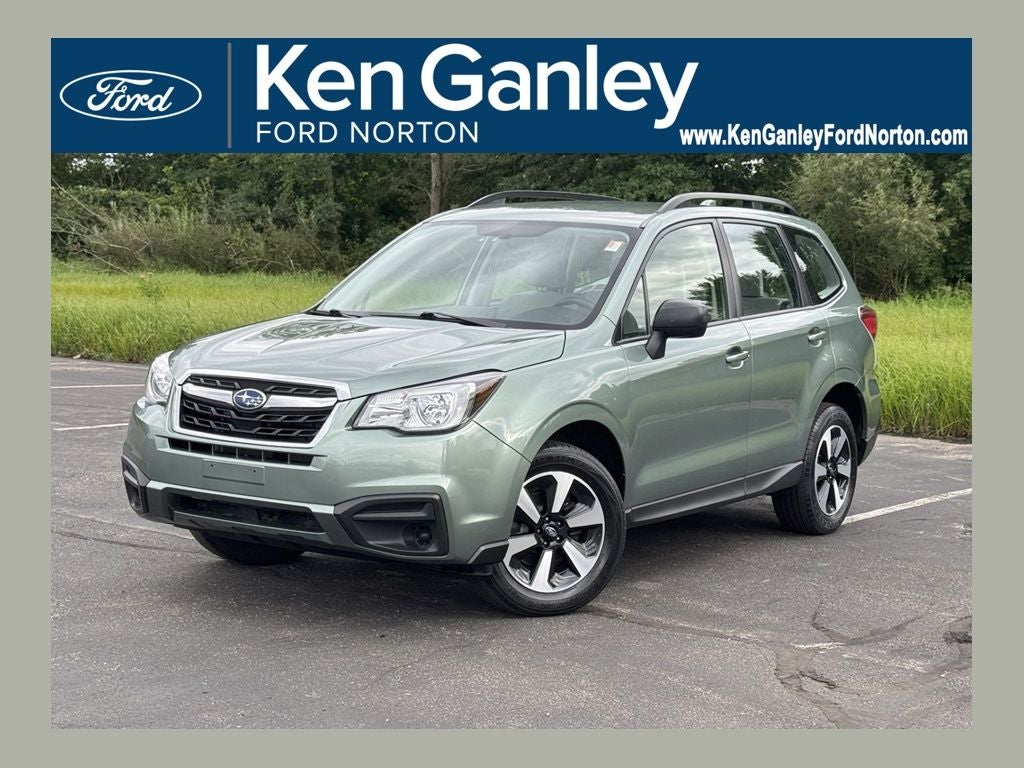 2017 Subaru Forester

==

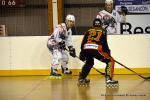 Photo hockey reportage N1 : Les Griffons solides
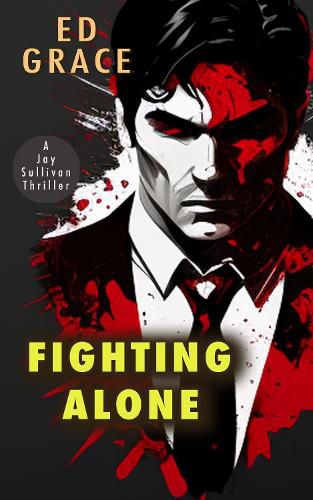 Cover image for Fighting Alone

- _About this task_
Lines from the one above containing "Photo hockey reportage" down to the one containing "Cover image for Fighting Alone" should be transcribed exactly, with both ends kept and no pictures.

- _Written solution_
 Photo hockey reportage N1 : Les Griffons solides
 Cover image for Fighting Alone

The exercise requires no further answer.